Ravi did try to use the webcam again when Clementi had a second date with M.B. in their room. Ravi said he wanted the camera on only so he could keep an eye on his belongings. But Clementi had gotten wind of the plan and switched off the camera.

Clementi, described as a shy, sensitive violinist who had only recently come out as gay, asked for a new roommate. Before any changes could be made, he hurled himself off the George Washington Bridge, posting one last Facebook status update: “jumping off GW bridge sorry.”

Prosecutors portrayed Ravi as an arrogant, insensitive computer whiz who used his technical skills to cyber-bully Clementi — a portrayal that was repeated again and again in court Monday as Clementi’s mother, father and brother criticized Ravi and appealed for a harsh sentence.

“Why was he so arrogant and so mean-spirited and evil?” said Clementi’s mother, Jane. She accused Ravi of giving her son the cold shoulder from the moment they first met and asked why, if he was homophobic, he didn’t “just request a roommate change?”

If the presentencing statements illuminated the opposite viewpoints of the two families, they also highlighted the similarities of two clans devastated by the loss of a child — one through death, the other through a sordid trial. Both sets of parents struggled to speak through tears, their voices tinged with anger, desperation and heartbreak.

“We are not a homophobic family,” said Ravi’s father, Ravi Pazhani. “Dharun was not raised to hate gays.”

Pazhani paid tribute to Clementi, referring to his talents as a violinist and lamenting his early death. “Rest in peace, Tyler, you will always be in our thoughts and prayers,” he said.

Ravi sat silently and appeared to show no emotion, as he had throughout the four-week trial. That changed when his mother, Sabitha Ravi, broke down in sobs that filled the courtroom as she pleaded for leniency. Ravi wiped tears from his eyes as his mother said he had “suffered enough.”

Acknowledging that his sentence probably would please few, Berman prefaced it with a stern lecture: “I heard this jury say ‘guilty’ 288 times. 24 questions, 12 jurors.

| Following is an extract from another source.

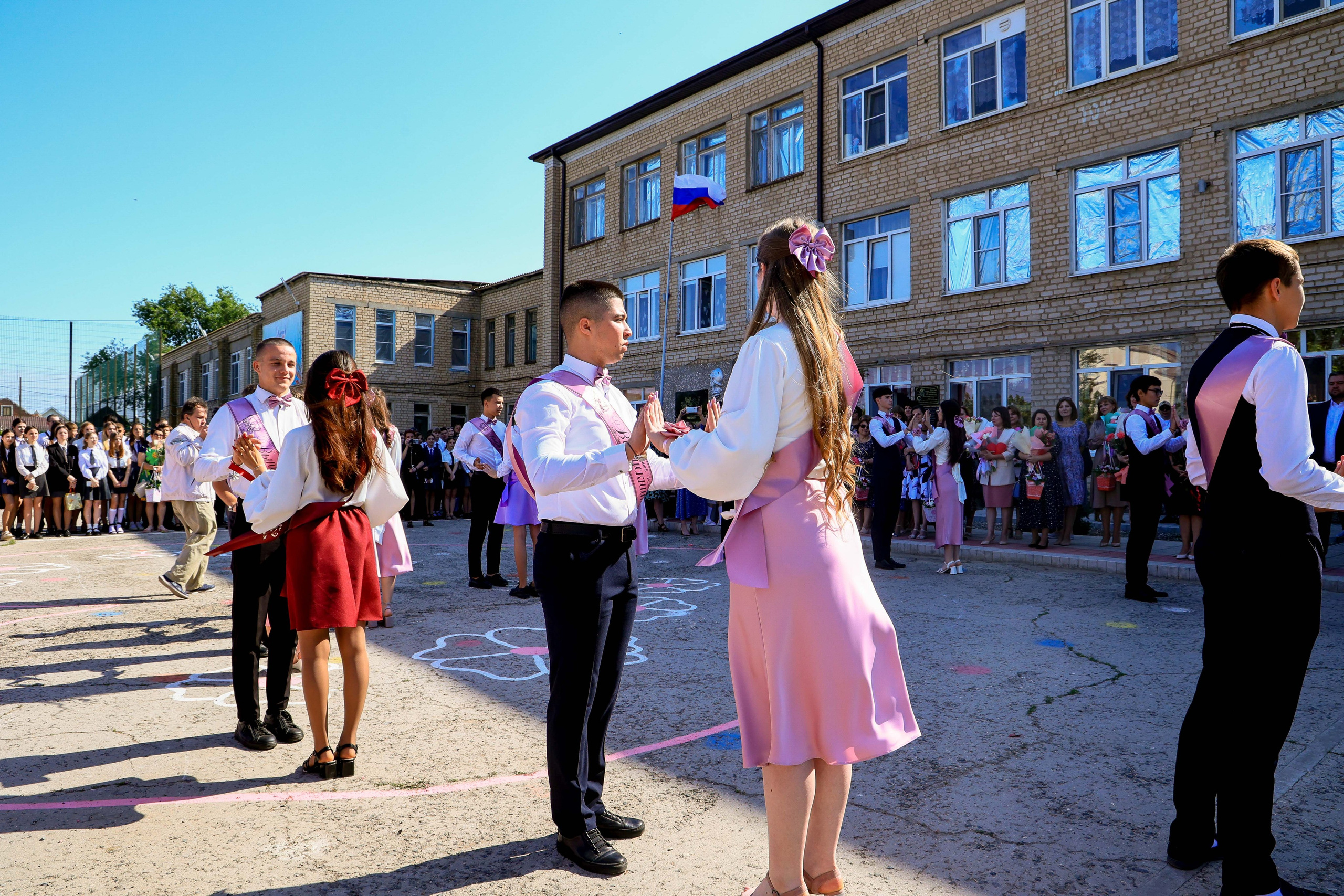 ШКОЛА ПОСЛЕДНИЙ ЗВОНОК. Свадебный фотограф — видеограф в г. Астрахань Екатерина Юмашева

That’s the multiplication. And I haven’t heard you apologize once.”

Berman said he did not believe Ravi was motivated by anti-gay hatred. “But I do believe he acted out of colossal insensitivity,” he said.

He ordered Ravi to report in 10 days to begin serving his time. Ravi must perform 300 hours of community service and pay a $10,000 fine that will go to help victims of bias crimes. He faces three years’ probation and must undergo counseling about cyber-bullying.

Neither side made statements after the sentencing.

Marc R. Poirier, a professor of law at Seton Hall University in New Jersey who specializes in bias crime and gender issues, noted that the case had ushered in a rigorous anti-bullying law in the state and forced institutions to pay more attention to cyber-bullying.

“I believe the judge’s sentence will send a message to kids and (perhaps more importantly) … to their parents about the consequences of behaving the way Ravi did,” he wrote in an email.

Poirier said the Ravi case, like that of George Zimmerman — accused of second-degree murder in the shooting death of Trayvon Martin in Florida — “serves to reopen a nationwide conversation about hate crime/bias crime/bias intimidation laws and whether they are useful tools, and if so, for what.”